The program has been in existence for five years. Jensen ran the state’s economic development effort known as the Wyoming Business Council, is a lobbyist and an entrepreneur. Jensen said developing a service dog training facility for Cheyenne was a good fit.

“We just got very interested in the service dog industry because we live it every day. We can see what the dog enabled her to do and be much more independent than she would be otherwise.”

Thanks to several donations and hard work the project was underway.  Jensen says they were able to hire the woman who trained their dog in Kansas City named Michelle Woerner to run the program. She’s been training service dogs for over 20 years and loves her work.

“The service dogs give someone independence that they’re looking for, so that they don’t have to depend on their family, their friends, or hired attendant care in order to stay in their own home, participate in their own community, or even hold a full-time job.” 

The training facility is located on beautiful ranch land and resembles a mini a doggie day care on the inside with plenty of places for the dogs to play, get worn down, and train. The dogs are like any other, they love to play and of course sniff. Woerner says they start with puppy trainers, then it’s on to the next stage.

“All of them have a foundation for retrieving and tugging, working beside some type of mobility device. Once they are matched up with their person and I know, then I will use the exact same device, whether it’s a walker with a seat on it, or it’s a power chair, a manual chair or canes, and then I start to re-enact how that person moves and maneuvers. And the dog learns to do the skills for me.”

The training takes about nine months. Then she goes to the home of the new owner to help the dog get into sync with the owner in their new surroundings.

“And I go live with that person for about two weeks. And I teach them how to use the dog in every aspect of their life.”

Callie Yeater with her dog George.
Credit Bob Beck

This week Woerner was planning to fly to Kansas City with Callie Yeater and her new dog George. Yeater has cerebral palsy and is required to ride in a wheelchair.  She has had a service dog for over 20 years and she said they perform important tasks.

“Retrieval of dropped objects, transferring from my manual chair to my power chair, tugging open the door to get outside, tugging off gloves in the winter time.
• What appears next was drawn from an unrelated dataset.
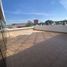 154 SqM Office for rent in Queretaro, Queretaro, Queretaro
And if this chair breaks down, he also has been trained to pull the manual chair that I use.”

Yeater added that when she and her dogs are in sync they can do some remarkable things.

“Couple of years before my previous dog retired we were taking the bus in Kansas City and I would have to change to get onto two difference busses just to get to work. And without my dog being there, I don’t think that’s something I would have done on my own.”

Yeater said the dogs occasionally have to learn new skills as the owners needs change. Bob Jensen remembers his wife’s first dog having to adjust to changes in her movement devices.

“He braced her when she walked, then he had to understand how to pull a manual wheelchair, and then he had to understand how to walk beside a power chair and not pull the power chair. He went from a bracing dog primarily to a dog who picked things up when she dropped them. And opening doors.

When they are on the job they are serious, but the CEO Michelle Woerner says they need down time to still be dogs. While she gets attached to them, she doesn’t mind when they go because they are providing a wonderful service. 

She laughed and said, “So, it’s really not hard to let them go, I’ve got three more here to train.”